Auburn football head coach Gus Malzahn announced Tuesday morning that offensive coordinator Lindsey will no longer be calling plays on the field after Saturday’s loss. Hand, Auburn's offensive line coach, will, after allowing 11 sacks to Clemson, return to coaching duties on the field.

“That’s really where [Lindsey’s] comfort zone is,” Malzahn said. “That’s where he was the last two years at Arizona State. It just feels like he can get a better feel for the defenses and everything that goes with that. [Hand] thinks it will be a good thing for him to run his offensive line up front. Those are the changes, and I think they will definitely help.”

Lindsey initially moved where he was coaching after a failed 4th-down conversion, an attempted wheel-route throw to fullback Chandler Cox, in the third quarter. Malzahn says that, after what appeared to be a nationally televised dispute between the two coaches before the play, Lindsey’s decision was his own.

“I think as a coach,” he said, “you always look at how you can improve and what you can do as a coach to make your players better, so it’s not an overreaction.”

“Originally, he felt pretty strong and felt he needed to be there with the quarterback and look him in the eye and all that.
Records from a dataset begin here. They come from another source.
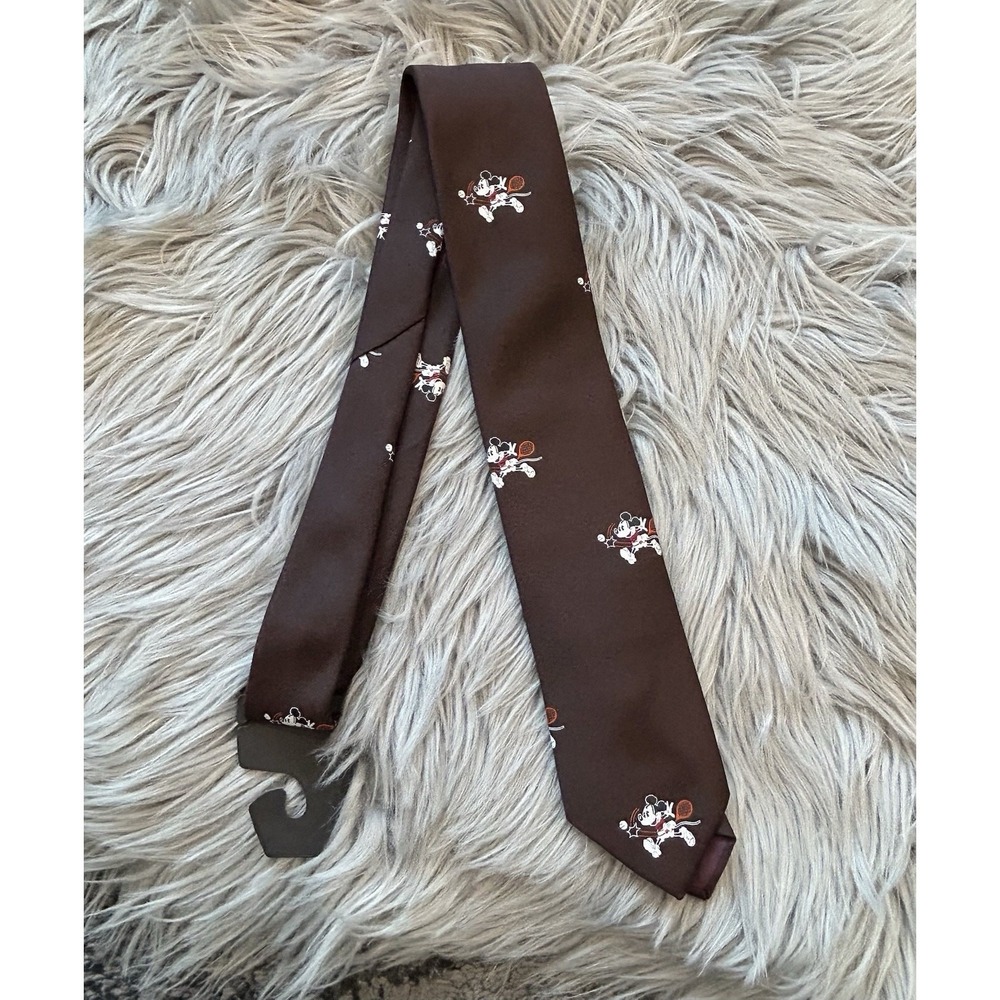 Vintage Men's Walt Disney Cervantes Brown‎ Tie Mens Mickey Mouse Tennis Theme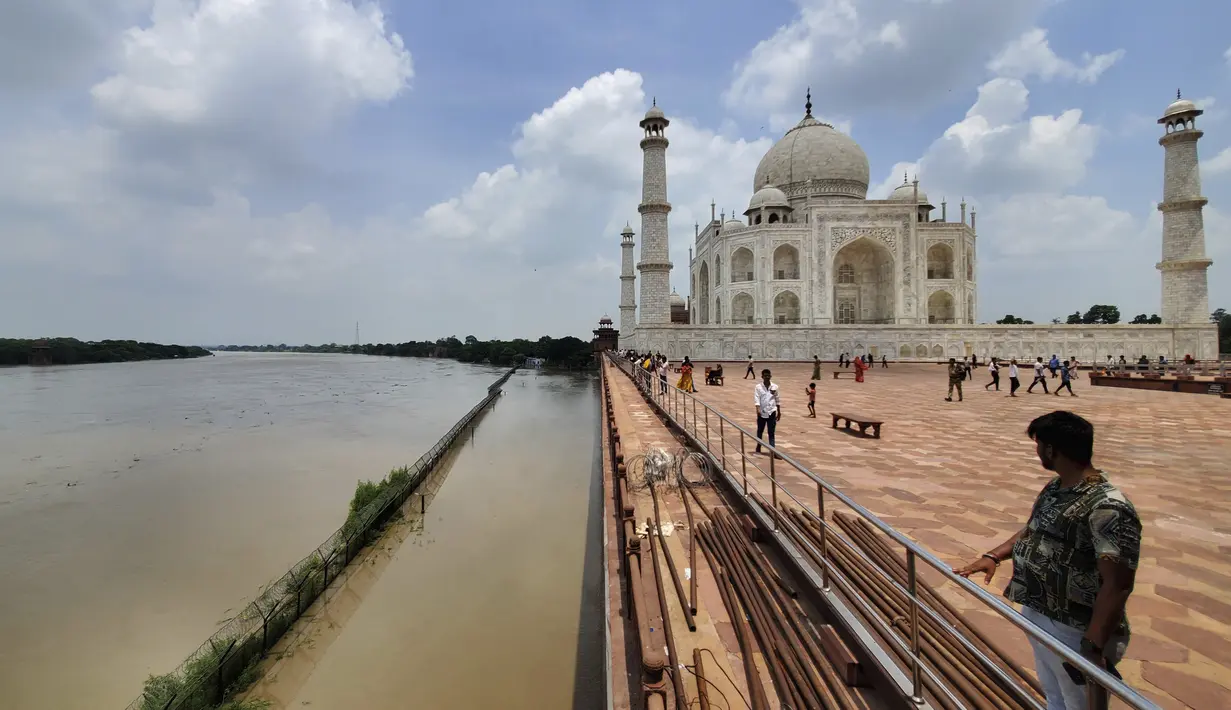 Pada hari Rabu, dinding pembatas batu pasir merah Taj Mahal dikelilingi oleh air berlumpur berwarna coklat, bahkan ketika sekumpulan turis memadati monumen bersejarah yang tidak tersentuh oleh sungai. (AP Photo/Aryan Kaushik)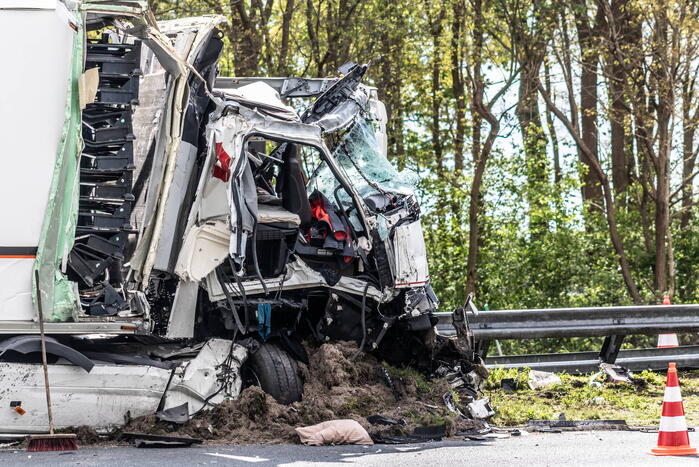 Meerdere gewonden bij aanrijding tussen drie vrachtwagens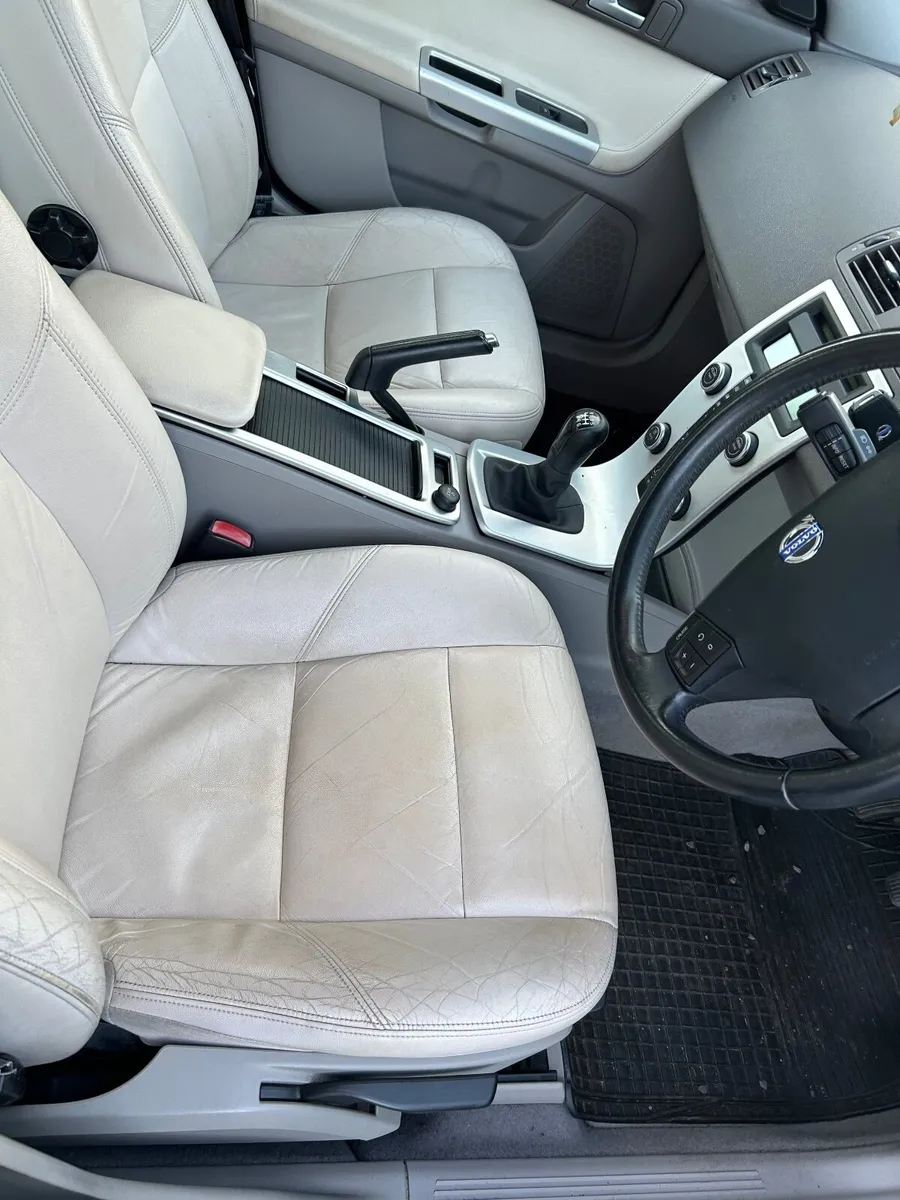 2011 Volvo S40 1.6 diesel low low mileage - Image 3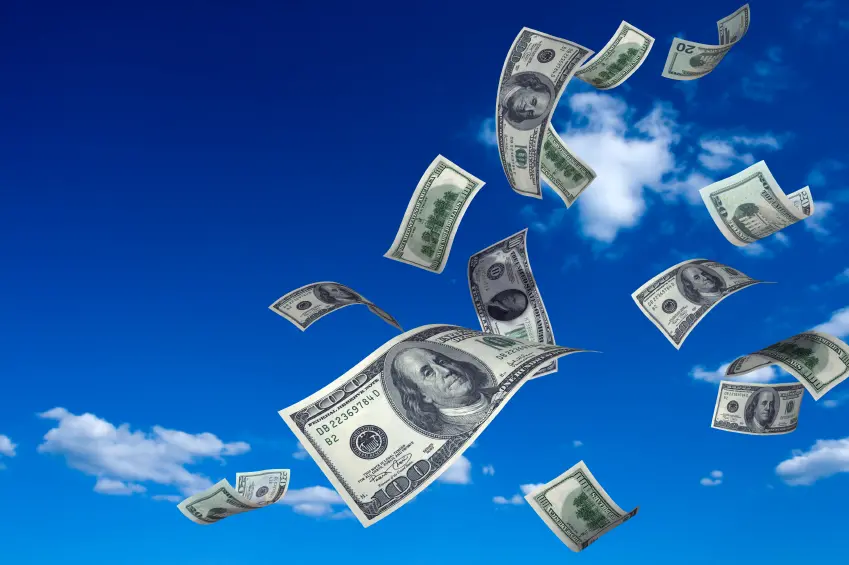 اسکناس دلار آمریکا در هوا در حال پرواز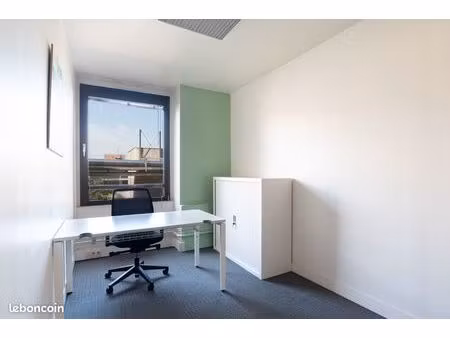 bureau privé entièrement équipé pour 2 personnes à paris  spaces les halles paris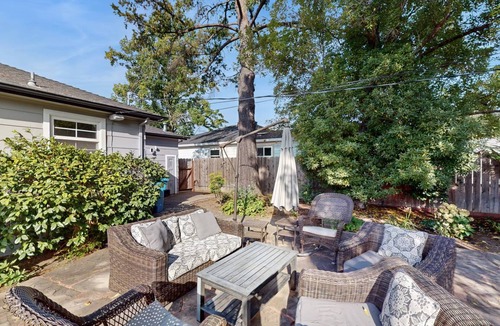 Junior College Neighborhood Association House | 107 m² House ∙ 2 bedrooms ∙ 4 guests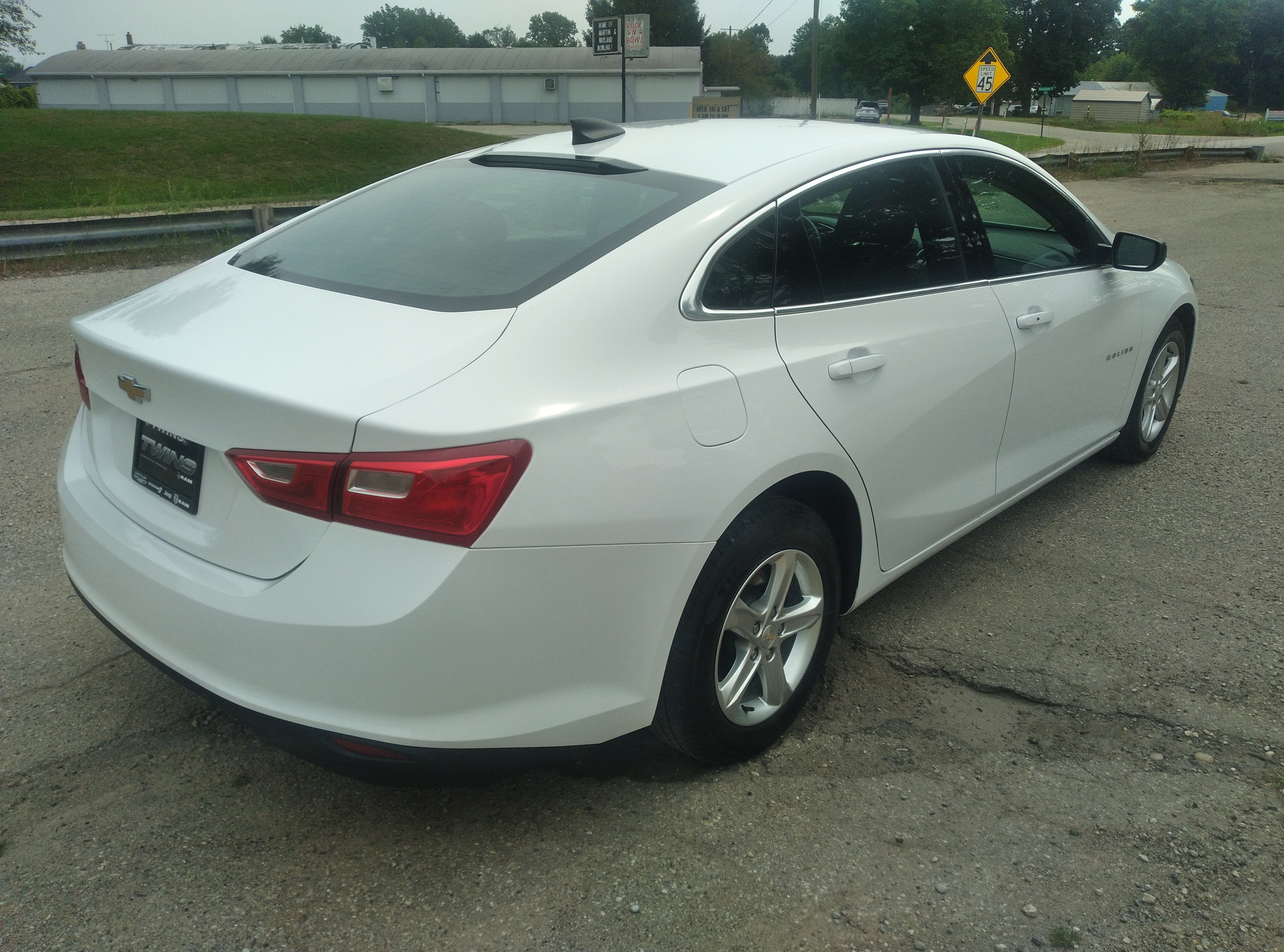 Used 2023 Chevrolet Malibu LS FWD image 3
You learn and you look at things and what’s best for the team, and he feels very confident that it’s going to help him, and I know it will.”

Whatever the media presented the public concerning an interaction between Malzahn and Lindsey before that play, Malzahn says it was just him being an emotional coach. Auburn failed to convert rather than attempting a 55-yard field goal with kicker Daniel Carlson, who is 10-for-15 at attempts 50 yards or beyond in his career.

“I don’t remember exactly what [the situation was],” Malzahn said, “but as far as him going upstairs, it’s just the reality he feels like he can do a better job upstairs.”

Auburn’s 117-yard performance in Saturday’s loss was Malzahn’s worst career offensive output as a head coach. After saying his team was still looking to develop its offensive identity directly after the game, Malzahn look toward all the new pieces his team was still getting used to.

“Looking at this season, it’s the fact that we have a new coordinator, we have a new quarterback and a couple of new guys up front,” he said. “[Lindsey] is learning his offense, his players are getting used to him and that’s really the facts of the matter right now.”

Apart from the “new guys,” some of the older pieces have yet to find their stride.

Injured running back Kerryon Johnson, who left Georgia Southern’s game after suffering an apparent hamstring injury, moved around “pretty well” Sunday, Malzahn said. However, he says he is not ready to say if Johnson will be ready to play Mercer University this Saturday.

Starting running back Kamryn Pettway, who presumably played through the loss to Clemson with a heel injury, is expected to play. Pettway had 74 yards rushing in his season debut, but failed to continue his success after a 53-yard first quarter. He finished the half with an additional six yards.

Wide receiver Darius Slayton, who had three catches for 43 yards in a blowout win over Georgia Southern, is also day-to-day.

“Darius got hurt late in the first game and wasn’t able to practice,” Malzahn said. “He got in there six or seven plays just trying to do some different things. Hopefully he’ll be healed. We need to get him 100 percent.”

Whether it’s inexperience, lack of communication or poor play calling, Malzahn says he and his staff have a good plan moving forward.

“We can play a good overall game and our team is committed to that,” he said. “We are looking forward to practicing today and getting ready to play Mercer."